Machine readable dataset

schemedoc / srfi-metadata

Import SRFI metadata into the Scheme API

https://docs.scheme.org/srfi/support/

MIT License

10 stars 2 forks source link

Machine readable dataset #56

Closed port19x closed 2 months ago

port19x commented 2 months ago

As an alternative/placeholder for #9, having a machine readable format be generated would help a lot. JSON seems like a good idea, but I'm not opposed to sexps, edn, xml, or whatever. This way I can write a layer 2 that uses the dataset directly, without resorting to error prone/brittle html parsing

lassik commented 2 months ago

IMHO the best default answer for schemedoc repos is to generate S-expressions, which are then turned into HTML and whatever else people need.

Currently the listings/*.sh shell scripts generate files into the data directory. The files contain lists of numbers.

lassik commented 2 months ago

A list of numbers parses as S-expressions, but is not very extensible.

I've been trying nudge most datasets I work on toward POSE, which is designed to be readable using the native read of most Lisp dialects.

lassik commented 2 months ago

A substantial example of POSE is the file from which the scheme.org DNS zon and front page are generated.

port19x commented 2 months ago

I'm not sure I follow. Looking into the data directory of this repo, I only see a .gitkeep file.

You mean I can run the shell scripts to generate that data offline? Is that what is happening on the server of docs.scheme.org?

If so, would you be open to either providing a raw endpoint, or generating the data via github actions, possibly onto a separate branch as to not pollute things? That would be vaguely similar to github pages and could even be served through that

lassik commented 2 months ago

You mean I can run the shell scripts to generate that data offline?

Yes.

Is that what is happening on the server of docs.scheme.org?

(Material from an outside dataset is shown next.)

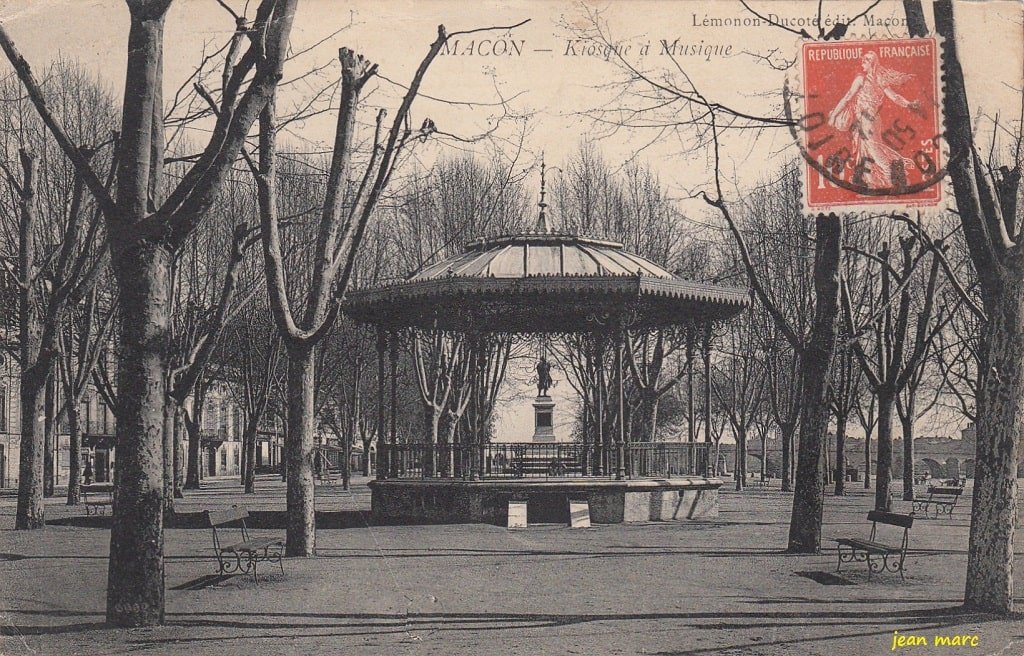 Mâcon - Kiosque à musique (1916).jpg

No. Currently someone runs the scripts manually on his PC and then rsync's the result onto the server.

If so, would you be open to either providing a raw endpoint, or generating the data via github actions, possibly onto a separate branch as to not pollute things?

It would probably be simplest to commit the data files into the repo. What do you think?

port19x commented 2 months ago

It would probably be simplest to commit the data files into the repo

I agree, under the assumption that this data doesn't change more than once a week on average. Anything beyond that calls for automation.

relevant xkcd

lassik commented 2 months ago

@port19x Now the data files has been committed.